- [ACTIVITY]
Apart from the images, output the data below exactly.

- [PROVIDED DATA]
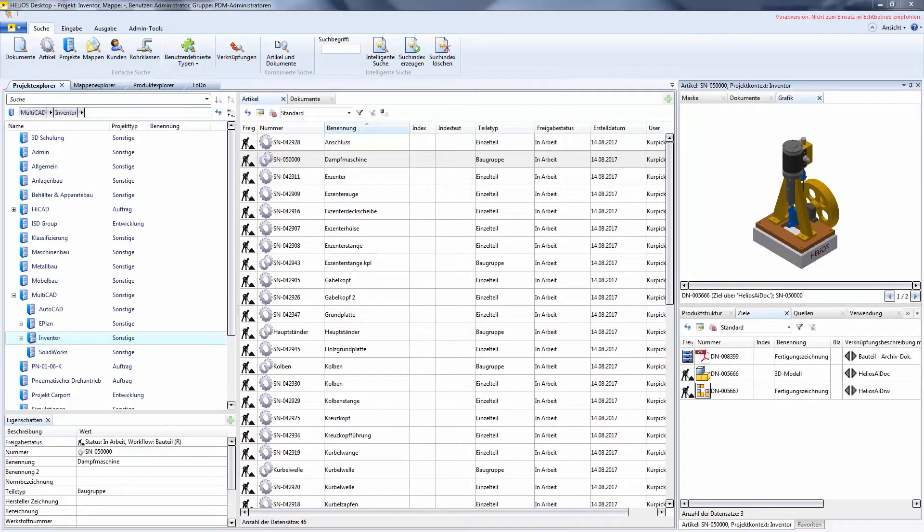Hello and welcome to Helios ShortClip. In this video I would like to show you how to edit attributes of combined items in the result list.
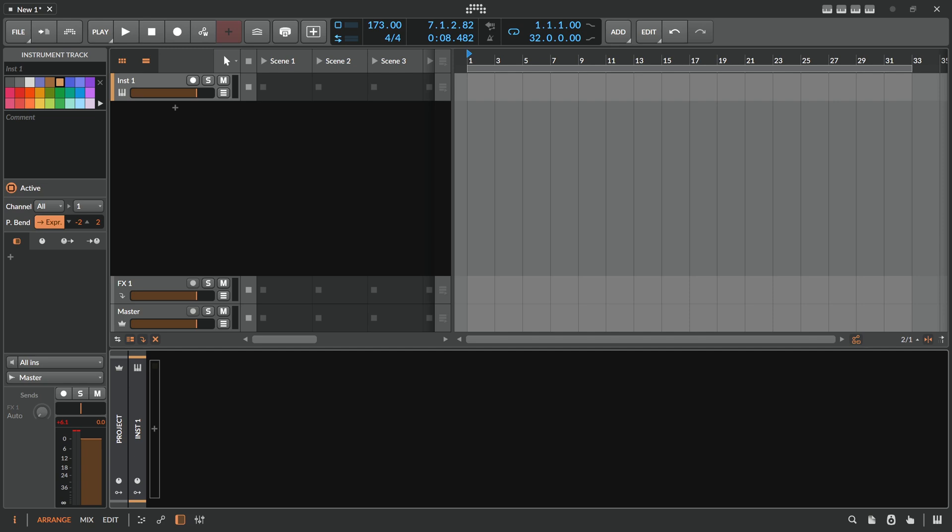Hey folks, welcome back to another video. I want to show you something I did recently in Bitwig Studio — I had a lot of fun with it, so I want to share it with you.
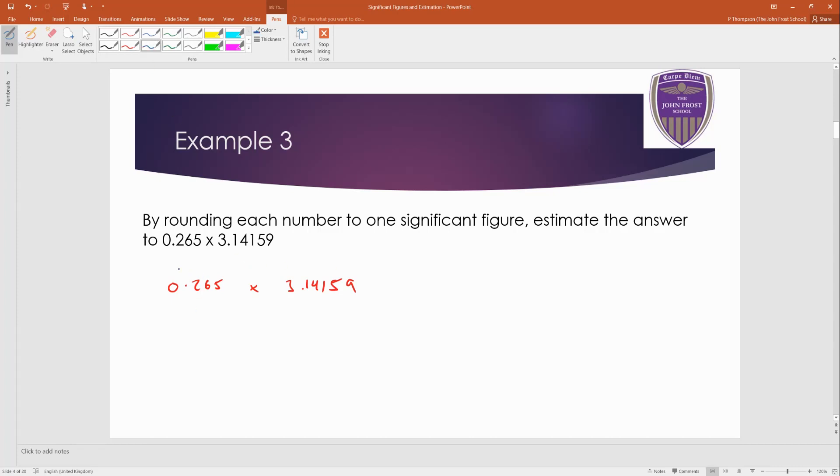Again, this one. Be careful of the first number, though. Because you don't start counting until you see a non-zero digit. This first zero here is not helpful. So it's not classed as an important digit or a significant figure. So this one doesn't count. This is the first non-zero digit, the two.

- [TASK OUTPUT]
Hello and welcome to Helios ShortClip. In this video I would like to show you how to edit attributes of combined items in the result list.
Hey folks, welcome back to another video. I want to show you something I did recently in Bitwig Studio — I had a lot of fun with it, so I want to share it with you.
Again, this one. Be careful of the first number, though. Because you don't start counting until you see a non-zero digit. This first zero here is not helpful. So it's not classed as an important digit or a significant figure. So this one doesn't count. This is the first non-zero digit, the two.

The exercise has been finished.